Where plaintiff filed a legal malpractice action in federal court within the one-year statute of limitations, but then waited more than one year after dismissal of that federal case to file this claim for legal malpractice, dismissal based on the statute of limitations was affirmed. In Tolson v. Herbison, No. M2020-01362-COA-R3-CV (Tenn. Ct. App. Aug. 12, 2021), plaintiff retained defendant to represent him in post-conviction matters related to plaintiff’s previous conviction for first-degree murder. The trial court denied post-conviction relief, which the Court of Appeals affirmed, and the Tennessee Supreme Court denied certiorari.
On May 23, 2013, plaintiff filed a complaint with the Tennessee Board of Professional Responsibility asserting that defendant failed to notify him of the denial of certiorari and failed to correspond with him, and that “as a result of [defendant’s] alleged errors, [plaintiff’s] writ of habeas corpus was denied as time-barred.” When plaintiff completed this complaint, he signed a disclaimer noting that legal malpractice claims are subject to a statute of limitations.
Plaintiff filed a legal malpractice claim in federal court on October 18, 2013, which the district court dismissed. The Sixth Circuit affirmed dismissal on October 6, 2016. Plaintiff then filed this case in Davidson County Circuit Court in July 2018, which the trial court dismissed as time-barred, and the Court of Appeals affirmed.
Legal malpractice claims are subject to a one-year statute of limitations pursuant to Tenn. Code Ann. § 28-3-104(c). The limitations period for a legal malpractice claim begins to run when two elements are met: “(1) the plaintiff must suffer legally cognizable damage—an actual injury—as a result of the defendant’s wrongful or negligent conduct, and (2) the plaintiff must have known or in the exercise of reasonable diligence should have known that this injury was caused by the defendant’s wrongful or negligent conduct.” (internal citation omitted).
Here, plaintiff knew about his potential claim against defendant by May 23, 2013, which was the day he filed his Board of Professional Responsibility complaint, as that complaint was based on the same facts underlying the legal malpractice claim. Because the federal complaint was filed within one year from that date, the Court looked to Tenn. Code Ann. §28-1-115, which provides:
Notwithstanding any applicable statute of limitation to the contrary, any party filing an action in a federal court that is subsequently dismissed for lack of jurisdiction shall have one (1) year from the date of such dismissal to timely file such action in an appropriate state court.
Although the reason for and date of dismissal in the district court was not clear from the record, the Court looked to the Sixth Circuit’s decision affirming dismissal, which was issued on October 6, 2016. Because the state court case was filed on July 9, 2018, well beyond one-year from the Sixth Circuit’s affirmation of dismissal, the Court of Appeals affirmed the ruling that this case was time-barred.

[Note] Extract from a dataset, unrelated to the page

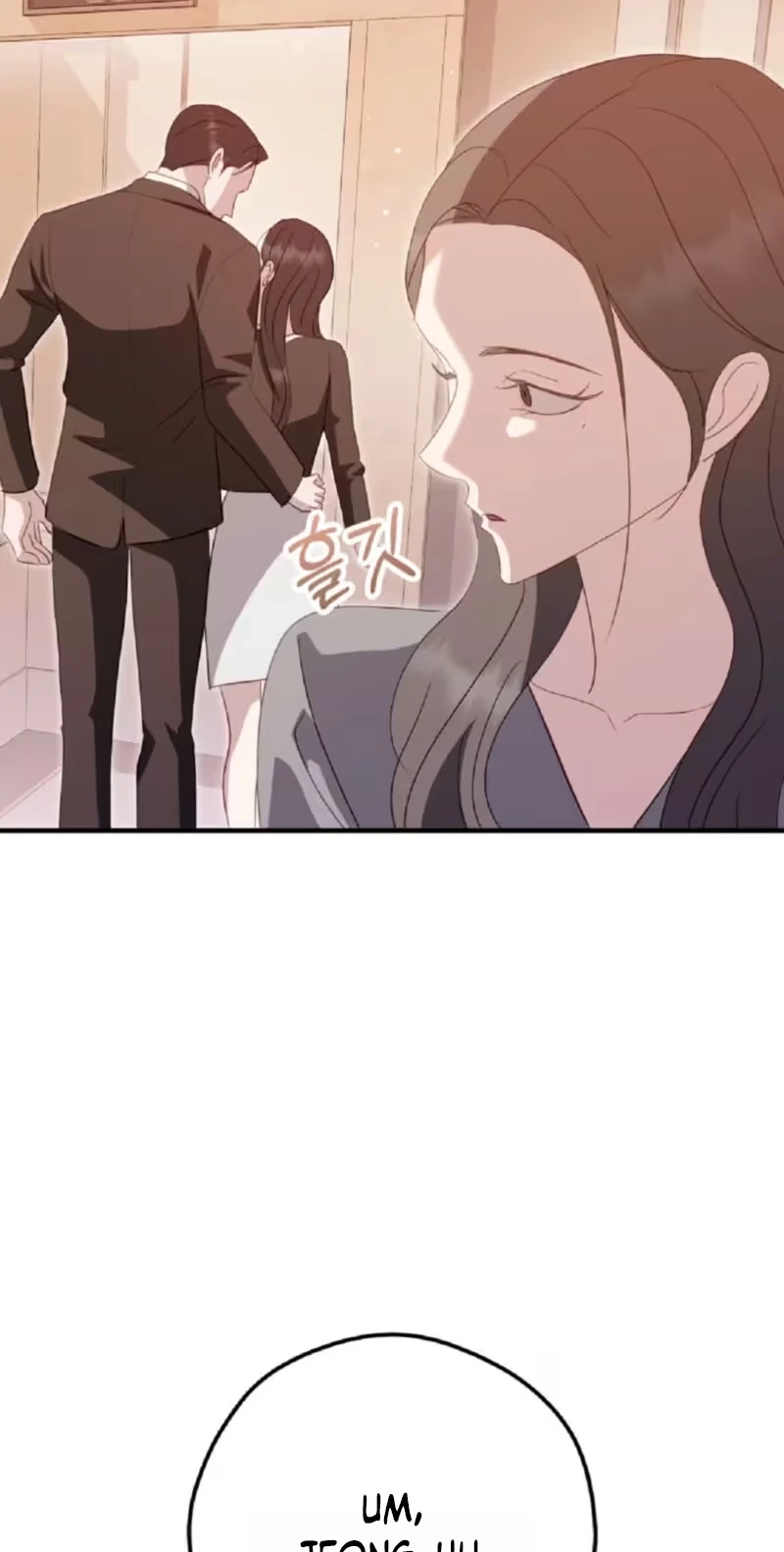 Marriage Gap Chapter 42 page 51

While plaintiff argued that the five-year statute of repose for legal malpractice claims “operate[d] to save his lawsuit,” the Court rejected this argument, stating that “the statute of repose may extend the date for filing up to five years but only in cases where there has been fraudulent concealment of the attorney’s actions or omissions.” Here, fraudulent concealment was not an issue. Dismissal was accordingly affirmed.